From Nebraska Life Magazine, May/June 2005

Surviving the Great Flood – How the Republican River turned deadly in the spring of 1935.

 by Sheryl Schmeckpeper

It roared out of the mountains into the valley, chasing residents onto rooftops and into trees.  It wiped out farm buildings, grain bins and cattle sheds, twisted railroad tracks and buried animals, tractors and people. 

By the time it moved into Kansas, the Republican River flood of 1935 had killed more than 110 people and turned the once fertile valley into a wasteland.  Old-timers say the valley never recovered from the disaster – and probably never will….

Though radio existed long before television or emergency broadcast systems, not all rural areas could receive a signal.  That left the telephone as the only means of rapid communication.  It worked – most of the time.

“The town had a central operator.  Everyone would pick up when they heard the general ring,” remembers rural Orleans resident Marion Culver, who was 16 years old in 1935.  “They were warning of high water.”
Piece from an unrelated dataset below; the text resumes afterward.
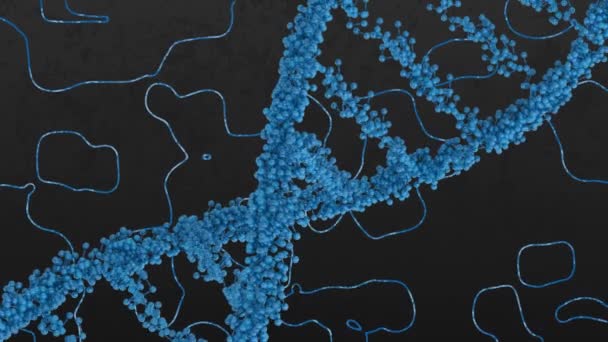 Animation Eines Makros Aus Blauem Dna Strang Über Blauen Kartenlinien — Stockvideo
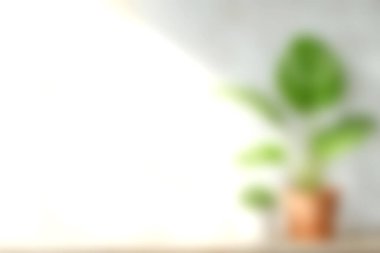 Sıcak bir terakotta tenceresinin içindeki sakin bir bitki parlak doğal ışıkta oturur ve minimalist alanı geliştirir. Ev dekorasyonu ve ilham için mükemmel..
...This wasn’t the first time that area citizens had been warned of high water.  Many …evacuated their homes and moved livestock to higher ground in 1905, 1915 and 1923.  But the first may have come one year earlier.  Legend has it that local Indians had told settlers to stay out of the Republican River Valley because they had seen the water run from “bluff to bluff.”  Few settlers paid them any heed.

Still, it’s not surprising that many ignored the warnings that were issued that May day in 1935.  After all, the Great Plains was in the middle of a drought.  The Republican River Valley, like so many other areas in the Plains, had already experienced ferocious dirt storms that winter and spring…

Today, it’s hard to visualize water running bluff to bluff along the Republican River Valley.  Fifteen years after the flood, the Bureau of Reclamation built a series of dams and lakes to prevent floods and to provide irrigation water to area farmers.  Add to that five years of drought, and what’s left today is a dry riverbed – so dry that it is sometimes hard to tell where the river ever flowed.  At times, the only clue is a bridge or railroad trestle traversing an empty gulch.

But here and there, the Republican Valley gives up buts of the past that have lain buried since the flood.  In his 30 years of farming, Jim Dake…has plowed up baling wire, car bodies, frames and fenders, dump rakes, corn binders and miles of barbed wire.  One day he was removing sand for fill when “I saw black lines in the sand that got wider and wider.  They were the tops of corn rows.”

Twenty years after the flood, Jim’s older brother, Jerry uncovered a human skull while moving dirt.  “Jerry saw it rolling down hill,” Jim said.  “He just assumed it was a flood victim,” although authorities were never able to identify the remains…

It would be impossible to tell every story or name the names of every victim or hero (of) the Republican River flood.  Some of those stories and names will be remembered thanks to Marlene Wilmot’s book, Bluff –to-Bluff, and to numerous newspaper stories written about the tragedy.  But many other stories have been lost, either because the people have already dies, or because all these years later they still can’t talk about it.  So the Republican River Valley clings to the ghosts of the dead and to the souls of the survivors, forever changed by the water that appeared so suddenly and with such great violence.